Characterizing Blood-Stage Antimalarial Drug MIC Values In Vivo Using Reinfection Patterns

Abstract

The MIC is an essential quantitative measure of the asexual blood-stage effect of an antimalarial drug. In areas of high malaria transmission, and thus frequent individual infection, patients who are treated with slowly eliminated antimalarials become reinfected as drug concentrations decline. In the frequent relapse forms of Plasmodium vivax and in Plasmodium ovale malaria, recurrent infection occurs from relapses which begin to emerge from the liver approximately 2 weeks after the primary illness. An important determinant of the interval from starting treatment of a symptomatic infection to the patency of these recurrent infections is the in vivo concentration-response relationship and thus the in vivo MIC. Using mechanistic knowledge of parasite asexual replication and the pharmacokinetic and pharmacodynamic properties of the antimalarial drugs, a generative statistical model was derived which relates the concentration-response relationship to time of reinfection patency. This model was used to estimate the in vivo MIC of chloroquine in the treatment of Plasmodium vivax malaria.

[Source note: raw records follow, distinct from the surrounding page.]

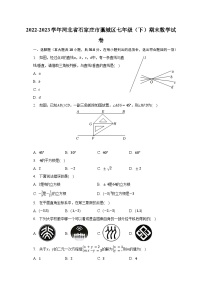 2022-2023学年河北省石家庄市藁城区七年级（下）期末数学试卷（含解析）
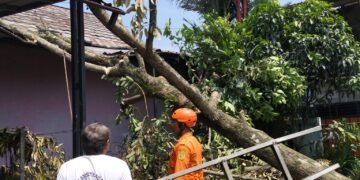 Tujuh Kampung di Bojonggede Diterjang Angin Kencang, 75 Rumah Warga Rusak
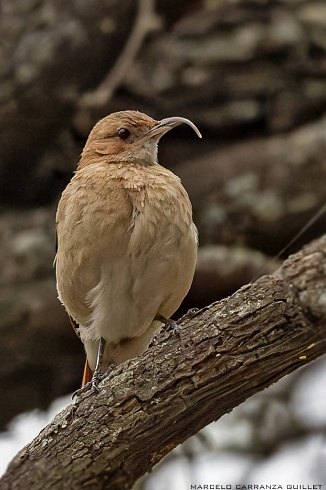 Hornero o chinchero?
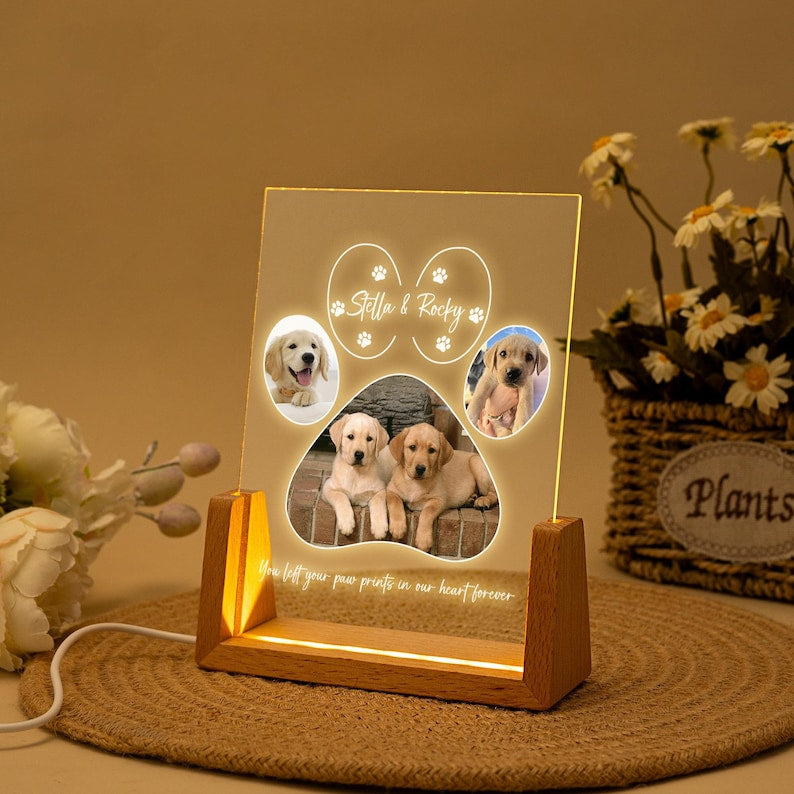 Personalized Pet Memorial LED Night Light, Pet Loss Acrylic Frame, Pet Photo Light, Dog Cat Loss Sympathy Gift, Christmas Gifts for Dog Mom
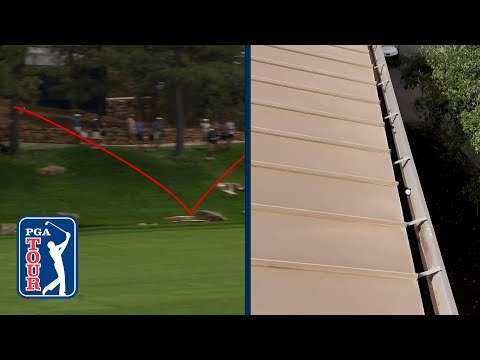 What are the ODDS?! Most unique shots of the 2024 PGA TOUR Season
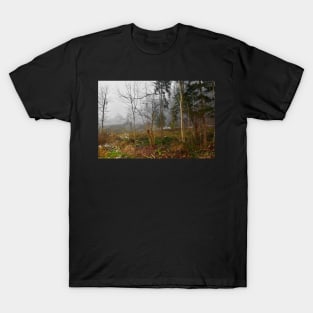 Winter Woodland in Carinthia, Austria T-Shirt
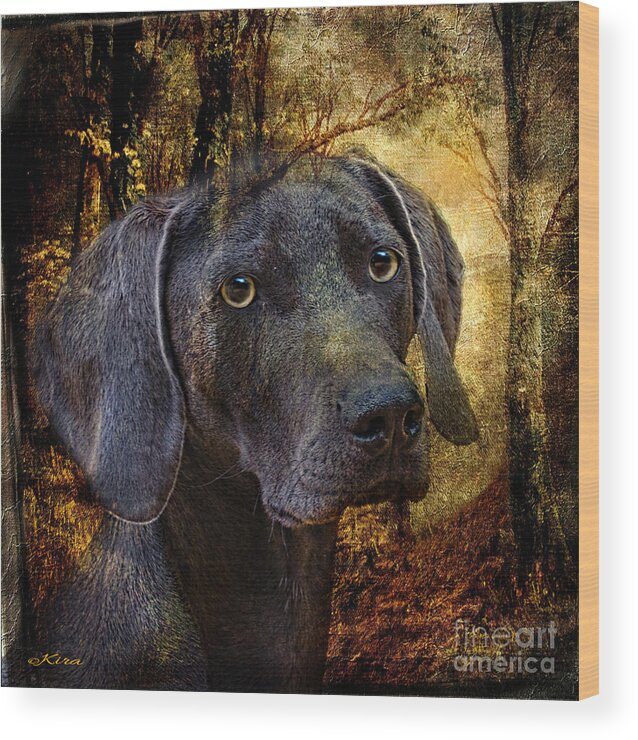 Dog Wood Print featuring the photograph A Dogs Tale by Kira Bodensted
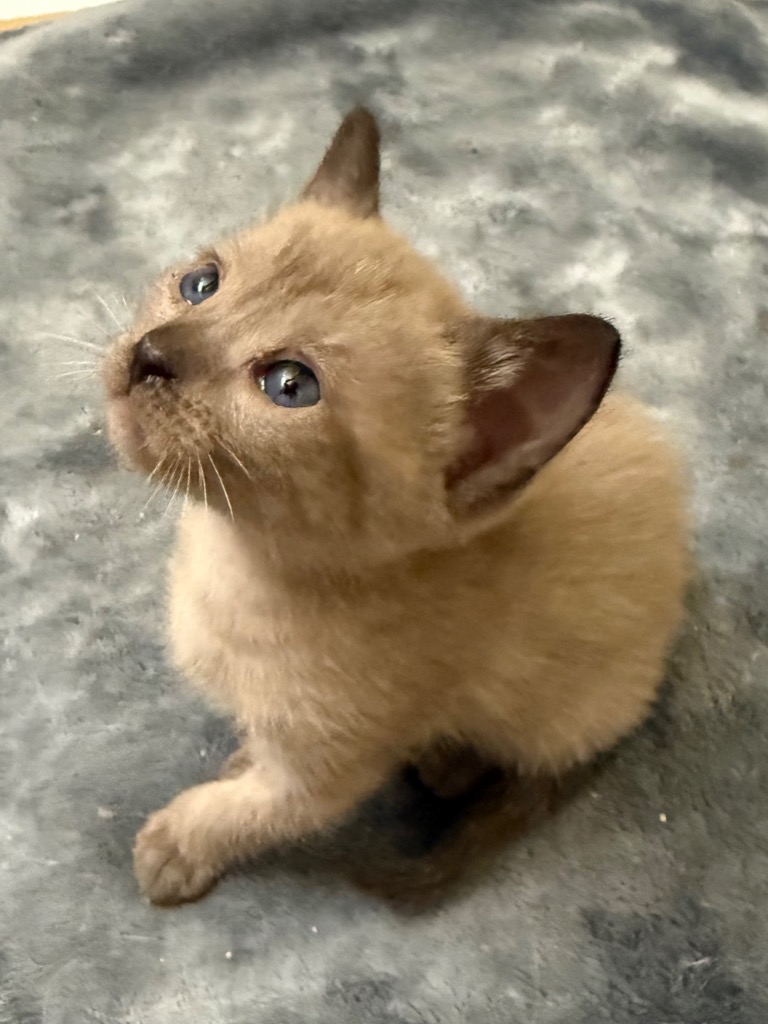 Shelter Stray Female Cat last seen Bexar County, 3353 Morningside Dr, New Braunfels, TX 78132, USA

Keywords: MIC; antimalarial agents; chloroquine; pharmacodynamics; pharmacokinetics.

FIG 1

The theoretical dynamics of temporal clustering or bunching of new infections for a hypothetical slowly eliminated drug. (Top left) Mean pharmacokinetic profile of the drug, a first-order elimination with a half-life of 6 days. The IC₅₀ (parasite reduction ratio of 1/5), MIC (parasite reduction ratio of 1), and EC₅₀ (parasite reduction ratio of 500) are shown by dashed horizontal red lines. (Top right) Response-concentration function of the drug on a log₁₀ scale. (Bottom left) time trajectories of total parasite biomass for daily new infections emerging from liver at a biomass of 10⁴ parasites where 10⁸ is the total parasite biomass in an adult associated with the onset of illness (pyrogenic threshold) and is also the lowest number of parasites readily detectable by microscopy. (Bottom right) Histogram of patent infections over time.

FIG 2

All pharmacokinetic samples up to day 60 from symptomatic patients with P. vivax malaria treated with chloroquine on the Thailand-Myanmar border. The whole-blood chloroquine concentration is plotted on a log₁₀ scale. Outliers have been removed (see Materials and Methods).

FIG 3

Prior and posterior distributions from ABC algorithm of concentration-response (PD) of chloroquine in vivax malaria patients from the Thai-Myanmar border. The algorithm estimates two pharmacodynamic parameters: the natural logarithm of the slope of the concentration-response (left) and the natural logarithm of the EC₅₀ (right). The vertical dashed red line shows the median posterior value. The histogram shows the estimate of the posterior distribution and the thick blue line shows the prior distribution.

FIG 4

Estimated pharmacokinetics and pharmacodynamics of chloroquine (CQ) in the treatment of Plasmodium vivax in symptomatic patients from the Thailand-Myanmar border. (Left) fitted population pharmacokinetics showing median and 90% coverage intervals over time. The horizontal red dashed line shows the estimated whole-blood MIC of chloroquine in this series, with the vertical dashed lines showing the time window at which the whole blood drug concentrations of 90% of patients go below the MIC (14 to 29 days posttreatment). (Right) concentration-response curve for estimated parameter values. The locations of the IC₅₀, MIC, and EC₅₀ are shown by the dashed red lines.

FIG 5

Predicting the shortening in the interval to patent relapse associated with reduced chloroquine susceptibility of P. vivax on the Thailand-Myanmar border. The observed distribution of times until detected relapse is shown by the histogram (note the effect of weekly active detection). The model fit of the distribution of relapse times is shown by the thick black line under current pharmacodynamic parameters. The model predicted distribution of relapse intervals with a doubling of the current estimated MIC parameter is shown by the dashed red line. This corresponds to median shift of 6 days.